Comment: Pompey over-reliant on duo... learning curve for McGee
Will Rooney looks back on Saturday's Pompey defeat at Bury and draws two conclusions...
Kenny Jackett spoke of how he wanted to finish the campaign strongly and take impetus into next season.
However, it has proved to be quite the opposite.
Granted, if Pompey had delivered victory over Bury on Saturday, their play-off hopes still would have been extinguished.
That’s after both Charlton and Scunthorpe won their respective encounters to put them out of reach of the Blues.
Prior to kick-off, of course, there was a slim chance of results going Pompey’s way.
Yet, they played as if a top-six berth was already out of the question against the division’s whipping boys.
In many ways, the Blues have regressed in recent weeks, with previous problems they suffered from earlier in the season reoccurring.
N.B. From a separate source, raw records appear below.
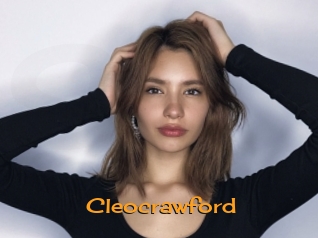 Cleocrawford
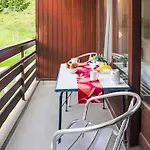 Apartament Rosablanche B22 By Interhome *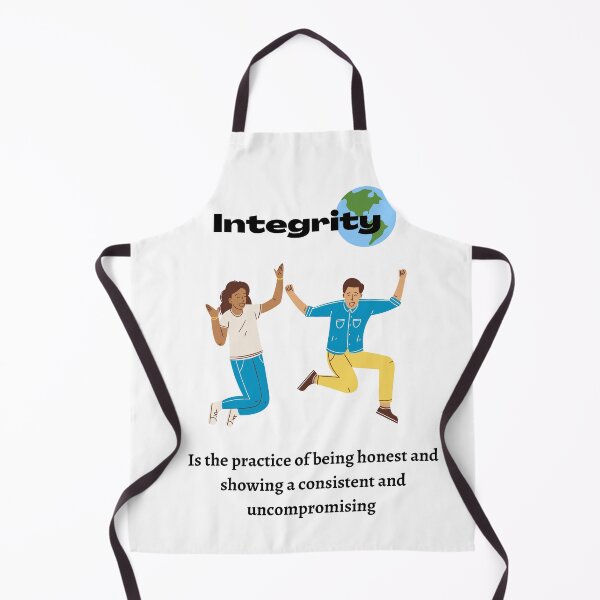 Item preview, Honor your commitments with integrity designed and sold by SKYSHOP007.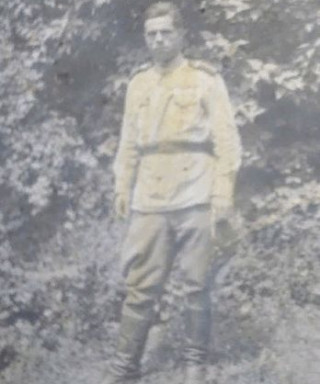 Полозов Василий Михайлович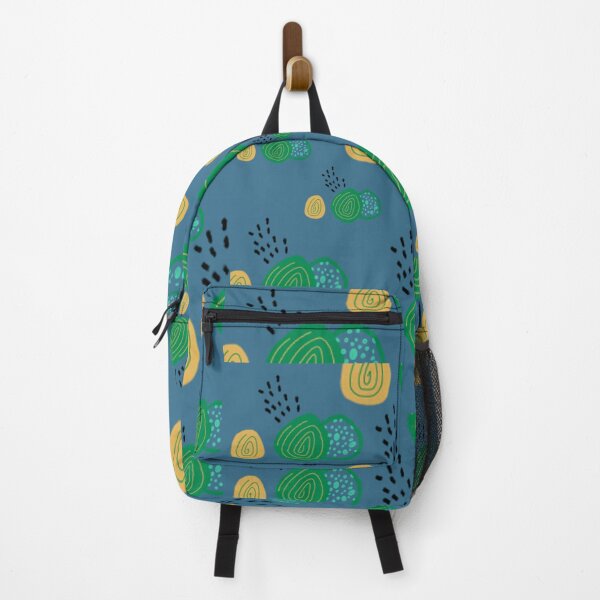 Item preview, Nature Pattern designed and sold by MatteoDangMinh.
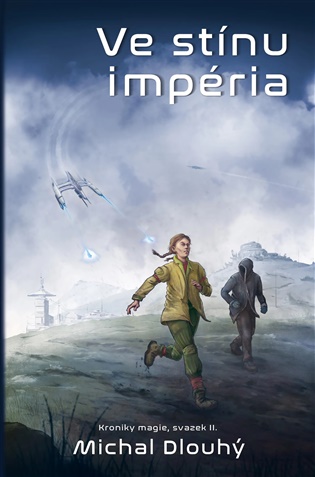 Rozdělené město: Ve stínu impéria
That’s now three successive defeats for Kenny Jackett’s side – and they’re currently winless in five.
At the weekend, there was a lack of penetration and creativity in the final third, with Jamal Lowe the only player who looked like unlocking the League One basement side’s defence.
Meanwhile, Shakers boss Ryan Lowe’s game plan was to nullify Brett Pitman.
Bury’s centre-backs Adam Thompson and Saul Shotton handled the Pompey skipper impeccably and he offered little in front of goal.
When Pitman hasn’t scored this campaign, it’s more often than not ended in the Blues not picking up anything from matches.
You have to go back to the win over Walsall on March 31 to the last time Pompey won without the striker or Jamal Lowe not on the scoresheet.
The Blues has relied on the pair too heavily this season and it’s a key factor why they will again be in League One next term.
A VALUABLE LEARNING CURVE
Luke McGee wouldn’t have been tuning into Football on 5 on Saturday night and would have been advised to stay clear of Sky Sports News for the rest of the weekend.
His error at Gigg Lane is one he, his manager and team-mates will hastily want to forget.
To try to Cruyff turn George Miller inside his own six-yard box was a ludicrous decision and ultimately proved detrimental.
In the modern-day game of keepers such as Ederson and Manuel Neuer being equally as good on the ball as outfield players, safety first isn’t as greatly emphasised, with keeping possession often prioritised.
But in that situation, McGee should have launched the ball into the stands.
In fairness to the former Spurs man, the options his Pompey team-mates gave him were scant.
No player moved to such an angle for the keeper to play a pass out from goal.
However, in that case, there is only one option available – clear the danger and then vent frustration about a lack of movement in the aftermath.
It’s an error that McGee must and will learn from going forward, no doubt.